"""

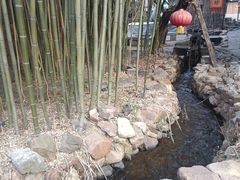 -竹泉村旅游度假区
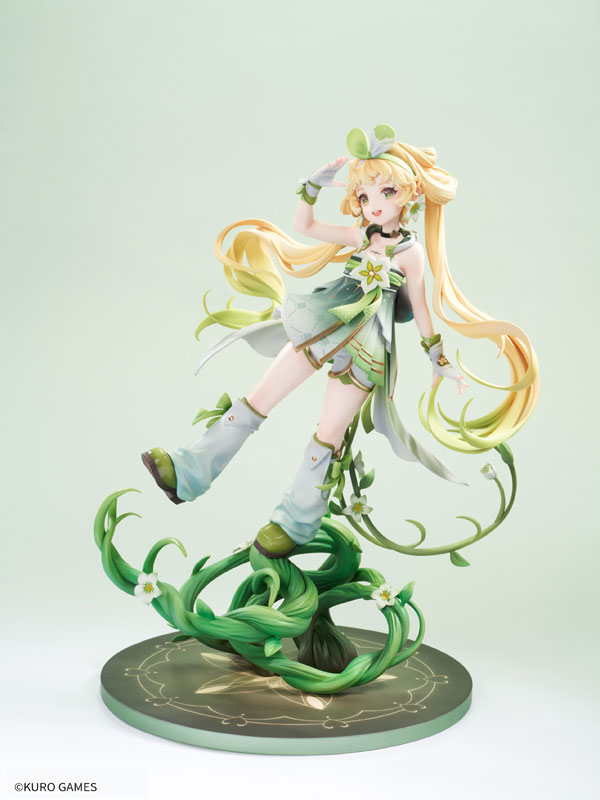 【特典】鳴潮 ヴェリーナ 1/7 完成品フィギュア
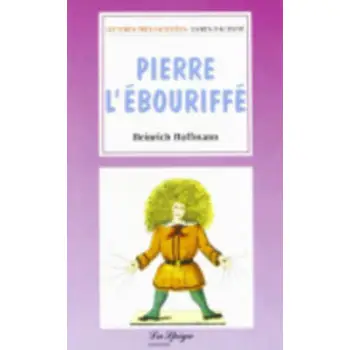 LF : PIERRE L'EBOURIFFE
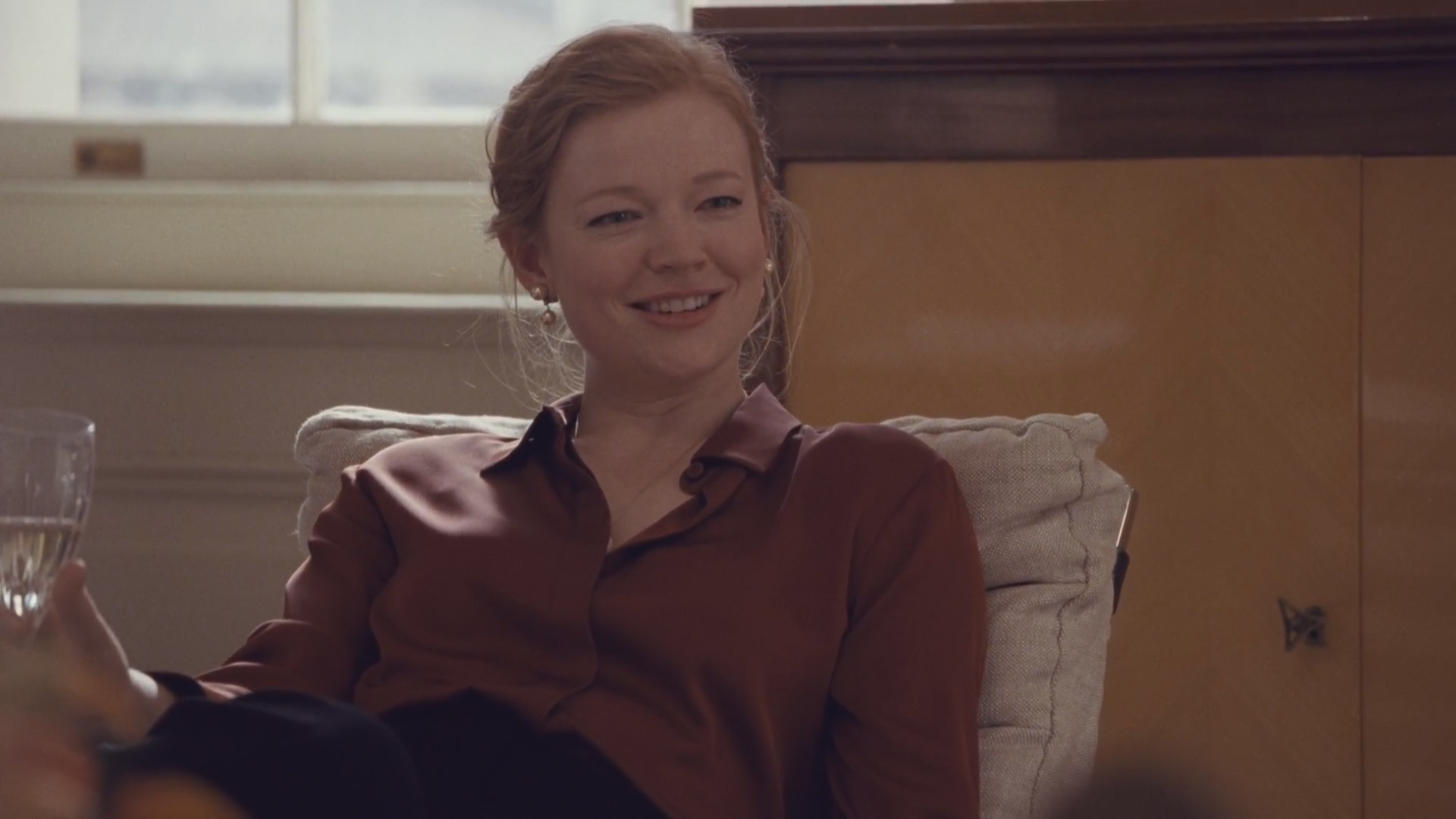 Sarah Snook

"""

__TASK DESCRIPTION__. The expected answer is the lines from the one that has "ヴェリーナ 1/7 完成品フィギュア" to the end of the listing, transcribed exactly, with pictures left out and no other line added.

__ANSWER__.
 【特典】鳴潮 ヴェリーナ 1/7 完成品フィギュア
 LF : PIERRE L'EBOURIFFE
 Sarah Snook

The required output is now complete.